La nécessité de faire respecter la loi
Un simili de négociation a été entamé au deuxième jour de grève avec une direction à distance siégeant à Barcelone. L’employeur a proposé aux grévistes un CDD de 20 heures par mois. Cela n’a pas manqué d’étonner Bogdan : « C’est ridicule, je travaille en moyenne 20 heures par semaine, compte-t-il encore nous payer en liquide pour les heures non déclarées ? ». La proposition a donc été refusée par les grévistes.

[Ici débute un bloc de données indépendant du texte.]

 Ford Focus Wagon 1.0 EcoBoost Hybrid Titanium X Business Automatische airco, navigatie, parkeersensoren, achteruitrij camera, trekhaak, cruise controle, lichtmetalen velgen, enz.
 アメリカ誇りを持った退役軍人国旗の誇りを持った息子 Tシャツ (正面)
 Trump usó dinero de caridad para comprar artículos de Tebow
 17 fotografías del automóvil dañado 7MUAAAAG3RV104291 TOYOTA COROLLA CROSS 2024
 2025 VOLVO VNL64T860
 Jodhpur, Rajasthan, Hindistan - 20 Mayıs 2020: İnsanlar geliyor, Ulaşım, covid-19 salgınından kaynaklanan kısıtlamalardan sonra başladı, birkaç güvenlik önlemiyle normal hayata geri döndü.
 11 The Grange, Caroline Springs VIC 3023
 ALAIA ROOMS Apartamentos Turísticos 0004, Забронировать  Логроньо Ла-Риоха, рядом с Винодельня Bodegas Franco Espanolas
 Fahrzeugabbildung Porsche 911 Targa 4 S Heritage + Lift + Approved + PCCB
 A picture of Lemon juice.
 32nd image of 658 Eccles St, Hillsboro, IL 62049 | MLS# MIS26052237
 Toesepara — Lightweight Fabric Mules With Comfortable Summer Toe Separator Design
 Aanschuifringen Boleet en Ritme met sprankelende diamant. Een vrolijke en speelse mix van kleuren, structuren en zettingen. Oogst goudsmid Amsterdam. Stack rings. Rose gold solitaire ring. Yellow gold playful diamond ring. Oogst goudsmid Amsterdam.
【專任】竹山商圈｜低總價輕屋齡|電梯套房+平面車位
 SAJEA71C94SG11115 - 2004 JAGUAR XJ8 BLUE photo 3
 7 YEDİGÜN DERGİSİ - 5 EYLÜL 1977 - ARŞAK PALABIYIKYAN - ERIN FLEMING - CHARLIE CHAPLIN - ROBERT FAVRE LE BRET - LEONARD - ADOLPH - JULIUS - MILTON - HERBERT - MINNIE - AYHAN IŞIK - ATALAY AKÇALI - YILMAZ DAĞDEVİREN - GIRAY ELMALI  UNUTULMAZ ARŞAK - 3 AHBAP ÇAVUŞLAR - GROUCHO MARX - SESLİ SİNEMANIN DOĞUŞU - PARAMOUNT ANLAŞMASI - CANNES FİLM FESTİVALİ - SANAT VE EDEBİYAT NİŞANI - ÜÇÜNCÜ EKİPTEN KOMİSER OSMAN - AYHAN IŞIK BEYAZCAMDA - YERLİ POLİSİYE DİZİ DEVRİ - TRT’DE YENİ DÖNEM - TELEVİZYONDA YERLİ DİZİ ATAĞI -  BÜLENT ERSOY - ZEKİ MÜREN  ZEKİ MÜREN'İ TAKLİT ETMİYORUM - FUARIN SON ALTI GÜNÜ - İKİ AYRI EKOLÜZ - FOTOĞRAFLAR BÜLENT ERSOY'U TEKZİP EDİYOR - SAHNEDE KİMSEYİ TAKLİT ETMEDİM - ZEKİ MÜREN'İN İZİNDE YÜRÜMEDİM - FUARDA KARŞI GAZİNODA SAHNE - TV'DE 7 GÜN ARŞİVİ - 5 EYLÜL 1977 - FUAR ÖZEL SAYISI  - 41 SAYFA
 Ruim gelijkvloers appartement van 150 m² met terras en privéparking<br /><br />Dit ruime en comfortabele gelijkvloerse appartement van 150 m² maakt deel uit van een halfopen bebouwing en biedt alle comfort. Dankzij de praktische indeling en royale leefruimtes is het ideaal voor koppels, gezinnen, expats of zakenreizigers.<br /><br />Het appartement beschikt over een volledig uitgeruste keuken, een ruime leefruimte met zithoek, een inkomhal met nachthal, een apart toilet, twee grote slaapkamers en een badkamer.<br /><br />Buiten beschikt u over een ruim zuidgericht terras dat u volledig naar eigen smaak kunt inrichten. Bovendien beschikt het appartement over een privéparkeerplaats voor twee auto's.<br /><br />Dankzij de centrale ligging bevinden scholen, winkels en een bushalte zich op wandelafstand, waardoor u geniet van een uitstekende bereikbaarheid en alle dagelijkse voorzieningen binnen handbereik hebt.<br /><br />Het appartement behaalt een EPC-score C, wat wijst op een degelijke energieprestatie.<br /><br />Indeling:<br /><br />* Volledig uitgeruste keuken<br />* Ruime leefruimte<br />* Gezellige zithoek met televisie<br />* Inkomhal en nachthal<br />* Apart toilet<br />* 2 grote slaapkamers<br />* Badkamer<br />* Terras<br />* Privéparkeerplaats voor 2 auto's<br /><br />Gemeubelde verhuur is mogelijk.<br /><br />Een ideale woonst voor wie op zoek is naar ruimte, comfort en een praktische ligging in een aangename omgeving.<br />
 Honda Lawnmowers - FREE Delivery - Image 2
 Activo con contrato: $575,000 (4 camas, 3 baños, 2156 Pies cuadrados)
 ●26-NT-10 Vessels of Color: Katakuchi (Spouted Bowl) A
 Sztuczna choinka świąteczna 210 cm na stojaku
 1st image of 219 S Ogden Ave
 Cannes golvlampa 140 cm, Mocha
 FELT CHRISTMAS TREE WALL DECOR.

Mais « la direction a menacé samedi de fermer la boîte et d’engager des poursuites pénales contre nous », explique un participant à la mobilisation du jour.
Un chantage dénoncé par Rémy Frey, secrétaire générale de l’union syndicale CGT Commerce de Paris qui fustige « l’utilisation cynique des salariés en situation précarité ». Micro à la bouche, le syndicaliste pointe « la parfaite conscience de l’employeur sur la situation puisqu’il a proposé un simili de contrat au début de la grève ». Et d’ajouter qu’il « est nécessaire de faire en sorte que la législation soit respectée ».
Alors que les salariés sont en grève depuis plus d’une semaine, l’inspection du travail ne s’est toujours pas rendue sur place. Si la direction s’obstine à ne pas établir de contrats de travail, les salariés épaulés par la CGT, sont prêts à user de tout l’arsenal juridique. « Nous attendons impatiemment l’inspection du travail pour constater le travail dissimulé » espère Rémy Frey. Le cégétiste ne la blâme pas pour autant. Il regrette surtout la baisse des moyens alloués à cet outil de contrôle
Sur place, Arnaud Le Gall, député de la France insoumise insiste également sur « l’urgence de mettre les projecteurs sur cette situation ». Si le parlementaire est présent au rassemblement, c’est pour soutenir certains travailleurs qu’il connaît. « Certains d’entre eux sont arrivés en France le 25 octobre 2022 car ils sont des opposants russes de la guerre en Ukraine, explique-t-il. Ce sont des travailleurs de deux pays en guerre, qui font front commun pour leurs droits ». En attendant qu’une digne réponse leur soit apportée, une caisse de grève ouverte par la CGT a vu le jour. Et au syndicat de promettre de futurs rassemblements.